* EXERCISE DIRECTIONS: All records that follow are to be restated exactly.

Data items
##############################

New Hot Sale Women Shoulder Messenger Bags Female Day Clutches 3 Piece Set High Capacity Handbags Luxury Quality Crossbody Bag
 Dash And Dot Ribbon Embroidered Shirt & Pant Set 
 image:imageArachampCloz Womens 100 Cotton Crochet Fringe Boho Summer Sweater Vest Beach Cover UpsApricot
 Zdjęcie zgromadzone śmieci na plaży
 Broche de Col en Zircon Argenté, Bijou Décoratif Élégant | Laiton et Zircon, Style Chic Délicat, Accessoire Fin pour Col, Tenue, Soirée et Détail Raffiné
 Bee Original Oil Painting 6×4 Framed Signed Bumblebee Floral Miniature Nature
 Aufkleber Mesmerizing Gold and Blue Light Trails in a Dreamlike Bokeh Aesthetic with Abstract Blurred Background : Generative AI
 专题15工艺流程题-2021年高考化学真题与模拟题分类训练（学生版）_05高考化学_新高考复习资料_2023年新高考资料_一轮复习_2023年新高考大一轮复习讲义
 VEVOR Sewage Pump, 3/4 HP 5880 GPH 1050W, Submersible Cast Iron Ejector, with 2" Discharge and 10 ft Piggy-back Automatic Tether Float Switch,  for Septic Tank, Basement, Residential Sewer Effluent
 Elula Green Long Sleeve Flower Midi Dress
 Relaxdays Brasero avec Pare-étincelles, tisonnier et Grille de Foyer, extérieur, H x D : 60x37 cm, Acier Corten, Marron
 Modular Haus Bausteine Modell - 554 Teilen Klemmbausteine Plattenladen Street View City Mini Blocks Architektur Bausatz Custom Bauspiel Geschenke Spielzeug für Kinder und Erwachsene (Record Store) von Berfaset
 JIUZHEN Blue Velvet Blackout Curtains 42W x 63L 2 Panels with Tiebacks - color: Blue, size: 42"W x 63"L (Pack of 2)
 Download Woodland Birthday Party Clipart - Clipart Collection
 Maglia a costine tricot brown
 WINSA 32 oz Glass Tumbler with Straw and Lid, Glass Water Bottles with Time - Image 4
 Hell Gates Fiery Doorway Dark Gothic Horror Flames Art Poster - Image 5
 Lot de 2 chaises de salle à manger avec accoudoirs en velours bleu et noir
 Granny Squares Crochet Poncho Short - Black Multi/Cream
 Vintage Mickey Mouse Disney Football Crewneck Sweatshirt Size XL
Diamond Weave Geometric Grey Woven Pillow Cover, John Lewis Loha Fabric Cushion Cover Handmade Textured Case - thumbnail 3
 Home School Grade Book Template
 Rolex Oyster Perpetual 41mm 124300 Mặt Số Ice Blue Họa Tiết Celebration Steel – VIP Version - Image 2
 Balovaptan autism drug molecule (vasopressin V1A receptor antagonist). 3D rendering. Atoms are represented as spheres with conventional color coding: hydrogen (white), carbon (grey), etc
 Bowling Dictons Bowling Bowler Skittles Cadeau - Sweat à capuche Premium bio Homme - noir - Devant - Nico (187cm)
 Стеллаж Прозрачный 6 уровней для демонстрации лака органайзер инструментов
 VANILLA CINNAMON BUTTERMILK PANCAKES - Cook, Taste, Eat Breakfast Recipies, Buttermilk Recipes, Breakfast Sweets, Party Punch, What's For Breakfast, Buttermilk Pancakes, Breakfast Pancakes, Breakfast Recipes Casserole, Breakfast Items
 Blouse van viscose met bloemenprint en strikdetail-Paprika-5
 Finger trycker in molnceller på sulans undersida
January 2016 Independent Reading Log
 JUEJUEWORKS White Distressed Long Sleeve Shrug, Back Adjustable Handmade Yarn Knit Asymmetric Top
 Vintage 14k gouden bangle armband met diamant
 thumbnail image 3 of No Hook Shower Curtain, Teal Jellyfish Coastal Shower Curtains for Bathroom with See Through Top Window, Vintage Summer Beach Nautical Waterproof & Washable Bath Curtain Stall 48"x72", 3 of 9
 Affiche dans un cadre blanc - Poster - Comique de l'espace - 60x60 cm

##############################

* YOUR RESPONSE:
New Hot Sale Women Shoulder Messenger Bags Female Day Clutches 3 Piece Set High Capacity Handbags Luxury Quality Crossbody Bag
 Dash And Dot Ribbon Embroidered Shirt & Pant Set 
 image:imageArachampCloz Womens 100 Cotton Crochet Fringe Boho Summer Sweater Vest Beach Cover UpsApricot
 Zdjęcie zgromadzone śmieci na plaży
 Broche de Col en Zircon Argenté, Bijou Décoratif Élégant | Laiton et Zircon, Style Chic Délicat, Accessoire Fin pour Col, Tenue, Soirée et Détail Raffiné
 Bee Original Oil Painting 6×4 Framed Signed Bumblebee Floral Miniature Nature
 Aufkleber Mesmerizing Gold and Blue Light Trails in a Dreamlike Bokeh Aesthetic with Abstract Blurred Background : Generative AI
 专题15工艺流程题-2021年高考化学真题与模拟题分类训练（学生版）_05高考化学_新高考复习资料_2023年新高考资料_一轮复习_2023年新高考大一轮复习讲义
 VEVOR Sewage Pump, 3/4 HP 5880 GPH 1050W, Submersible Cast Iron Ejector, with 2" Discharge and 10 ft Piggy-back Automatic Tether Float Switch,  for Septic Tank, Basement, Residential Sewer Effluent
 Elula Green Long Sleeve Flower Midi Dress
 Relaxdays Brasero avec Pare-étincelles, tisonnier et Grille de Foyer, extérieur, H x D : 60x37 cm, Acier Corten, Marron
 Modular Haus Bausteine Modell - 554 Teilen Klemmbausteine Plattenladen Street View City Mini Blocks Architektur Bausatz Custom Bauspiel Geschenke Spielzeug für Kinder und Erwachsene (Record Store) von Berfaset
 JIUZHEN Blue Velvet Blackout Curtains 42W x 63L 2 Panels with Tiebacks - color: Blue, size: 42"W x 63"L (Pack of 2)
 Download Woodland Birthday Party Clipart - Clipart Collection
 Maglia a costine tricot brown
 WINSA 32 oz Glass Tumbler with Straw and Lid, Glass Water Bottles with Time - Image 4
 Hell Gates Fiery Doorway Dark Gothic Horror Flames Art Poster - Image 5
 Lot de 2 chaises de salle à manger avec accoudoirs en velours bleu et noir
 Granny Squares Crochet Poncho Short - Black Multi/Cream
 Vintage Mickey Mouse Disney Football Crewneck Sweatshirt Size XL
Diamond Weave Geometric Grey Woven Pillow Cover, John Lewis Loha Fabric Cushion Cover Handmade Textured Case - thumbnail 3
 Home School Grade Book Template
 Rolex Oyster Perpetual 41mm 124300 Mặt Số Ice Blue Họa Tiết Celebration Steel – VIP Version - Image 2
 Balovaptan autism drug molecule (vasopressin V1A receptor antagonist). 3D rendering. Atoms are represented as spheres with conventional color coding: hydrogen (white), carbon (grey), etc
 Bowling Dictons Bowling Bowler Skittles Cadeau - Sweat à capuche Premium bio Homme - noir - Devant - Nico (187cm)
 Стеллаж Прозрачный 6 уровней для демонстрации лака органайзер инструментов
 VANILLA CINNAMON BUTTERMILK PANCAKES - Cook, Taste, Eat Breakfast Recipies, Buttermilk Recipes, Breakfast Sweets, Party Punch, What's For Breakfast, Buttermilk Pancakes, Breakfast Pancakes, Breakfast Recipes Casserole, Breakfast Items
 Blouse van viscose met bloemenprint en strikdetail-Paprika-5
 Finger trycker in molnceller på sulans undersida
January 2016 Independent Reading Log
 JUEJUEWORKS White Distressed Long Sleeve Shrug, Back Adjustable Handmade Yarn Knit Asymmetric Top
 Vintage 14k gouden bangle armband met diamant
 thumbnail image 3 of No Hook Shower Curtain, Teal Jellyfish Coastal Shower Curtains for Bathroom with See Through Top Window, Vintage Summer Beach Nautical Waterproof & Washable Bath Curtain Stall 48"x72", 3 of 9
 Affiche dans un cadre blanc - Poster - Comique de l'espace - 60x60 cm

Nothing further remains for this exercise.